Background information
- Also known as: DIOYY; DIOYY?; Does It Offend You?;
- Origin: Reading, England
- Genres: Dance-punk; electro house; synth-pop; new rave;
- Years active: 2006–2012; 2015; 2021–present;
- Labels: Almost Gold; Startime (America); Cooking Vinyl (UK);
- Members: James Rushent; Dan Coop; Matty Derham;
- Website: doesitoffendyou.com

= Does It Offend You, Yeah? =

British dance-punk band

Does It Offend You, Yeah? are an English dance-punk band from Reading, Berkshire. They played their final show on 12 December 2015 at the Electric Ballroom, Camden Town. In September 2021, they announced a new album, titled We Do Our Own Stunts.

==History==
Does It Offend You, Yeah?, named after a quote from the BBC television series The Office, were formed in 2006 in Reading, UK by James Rushent and Dan Coop.

They released their first album, You Have No Idea What You're Getting Yourself Into, in Spring 2008. It was written and performed by James Rushent, Rob Bloomfield and Dan Coop. Death From Above 1979 vocalist Sebastien Grainger performed the lead vocals on "Let's Make Out". The song "All the Same" was due to be featured in the album, but was dropped despite featuring in Electronic Arts' Need for Speed: Hot Pursuit. "All the Same" was released on streaming platforms in December 2022.
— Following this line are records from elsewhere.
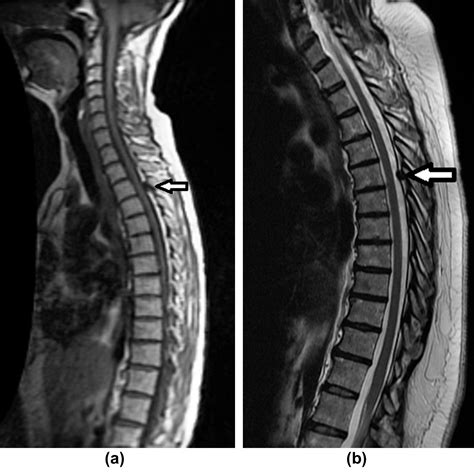 Mri Based Anatomical Landmarks For The Identification Of Thoracic Vertebral Levels Clinical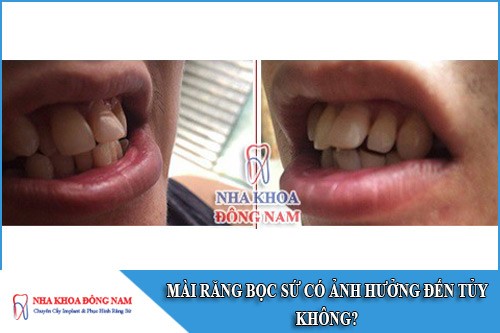 mài răng bọc sứ có ảnh hưởng đến tủy không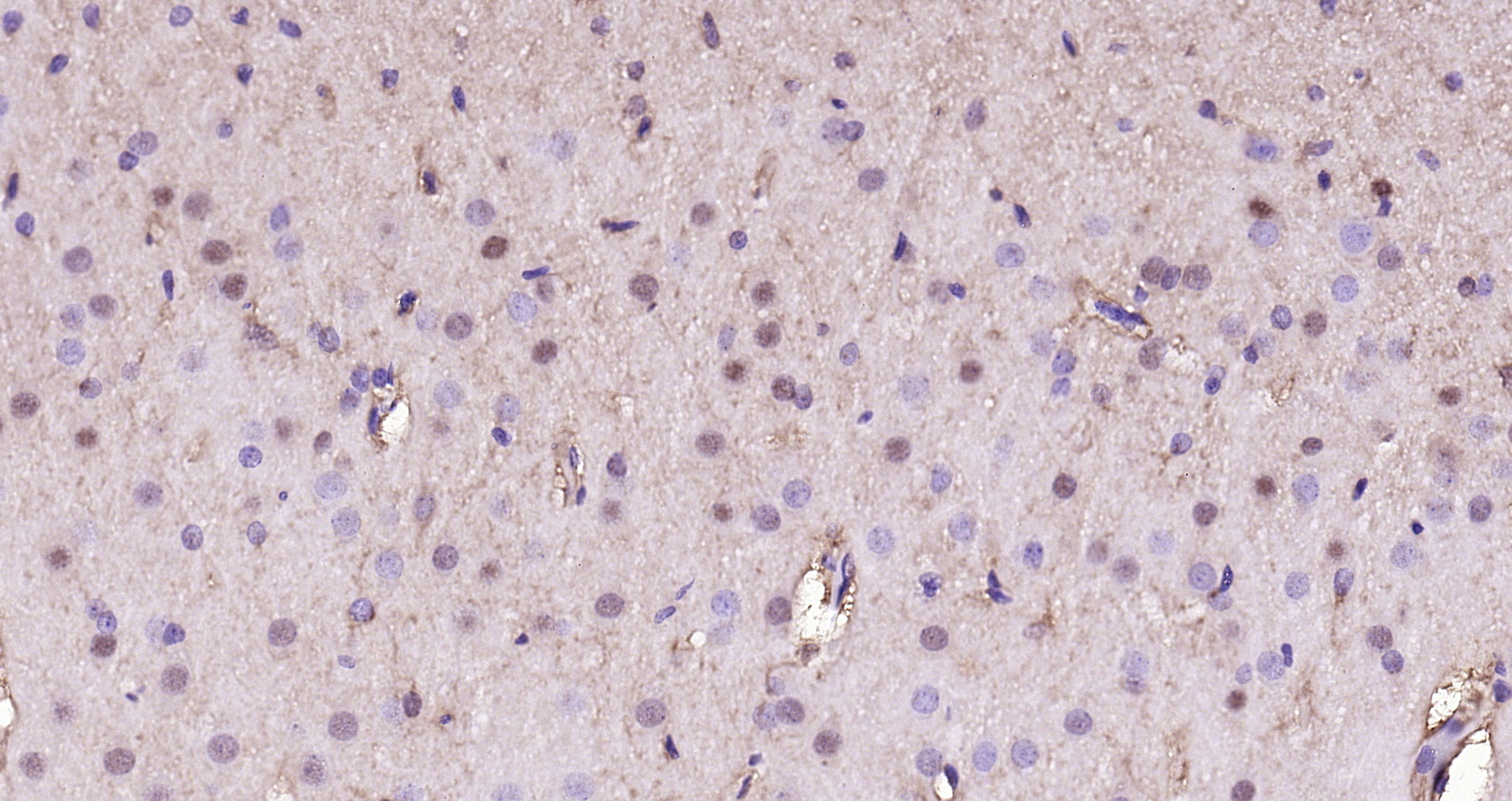 Paraformaldehyde-fixed, paraffin embedded Rat brain; Antigen retrieval by boiling in sodium citrate buffer (pH6.0) for 15min; Block endogenous peroxidase by 3% hydrogen peroxide for 20 minutes; Blocking buffer (normal goat serum) at 37°C for 30min; Antibody incubation with GAPDH (3B5) Monoclonal Antibody, Unconjugated (bsm-52262R) at 1:200 overnight at 4°C, DAB staining.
Does It Offend You, Yeah? were the ninth most-listened-to new band of 2008 on last.fm and were included in the best alternative music list of 2008 on iTunes USA. They were announced as a Rolling Stone breaking Artist in 2008.

In 2009, Chloe Duveaux and Matty Derham (from Fields) joined the band. Their follow up album, Don't Say We Didn't Warn You, was released in 2011, and peaked at number 3 in the UK Dance chart and number 11 in the Indie chart. The album was executive produced by James Rushent's father Martin,

Rolling Stone compared them to Daft Punk, Justice and Rage Against the Machine NME compares them to bands like Muse due to their heavier, more "live" sound.

Lead singer James Rushent co-produced The Prodigy's "Omen", as well as their song "Invaders Must Die". Rushent has also remixed songs for acts such as Muse, The Raconteurs and Bloc Party. Bloomfield has remixed songs for 50 Cent, dan le sac vs Scroobius Pip and P Diddy.

In April 2012 the band released a statement via Facebook that they are now on 'indefinite hiatus'. The statement also revealed that both James Rushent and Dan Coop are working on an electronic music project.

In November 2015 a new EP with the title "How To Kiss a Dragon and Walk Away From It" was announced for early 2016. When asked if the band had broken up, the band clarified in the comments that the status of the band was "complicated, not as black and white as people may see it." The band said that if most people think of a band as "start writing, do an album, major label promotion wheel starts up, do a tour/sell the t-shirts, have a holiday, start writing, do an album...then yes, we've broken up." The band then went on to clarify that if others think of a band as "a couple of mates fucking about when we have enough time from our day jobs, and have enough tracks for an EP...then yes, we're still a band."

===Tours===
In 2008, Does It Offend You, Yeah? completed a headline US tour which reached its climax at the historic Troubadour club in Hollywood. At the show, lead singer James Rushent broke his leg during their last song, although he managed to hobble back on stage for an encore before being rushed to hospital.

At the start of 2008 they went on the NME Awards Tour, alongside The Ting Tings. They then completed their own headline tour of the UK supported by South Central and Lets Talk Tactics.

They went on to open for Bloc Party and Nine Inch Nails on their respective 2008 North American tours. They were also the opening act for The Prodigy on the last date of their UK 2008 club tour.

Does It Offend You, Yeah? have made festival appearances at Coachella, Lollapalooza, South by Southwest, Glastonbury, Reading / Leeds Festival, Summer Sonic, Wireless Festival, Monolith, Global Gathering, Street Scene, Pukkelpop, Dour, Printemps de Bourges, Les Eurockéennes, Vieilles Charrues, Hurricane, Southside, Oxegen, Lowlands, Gatecrasher, Jersey Live, Parklife, V Festival, Pohoda, Exit, NASS Fest and Melt! Festival As well as Strawberry Festival and Zebra Festival in China.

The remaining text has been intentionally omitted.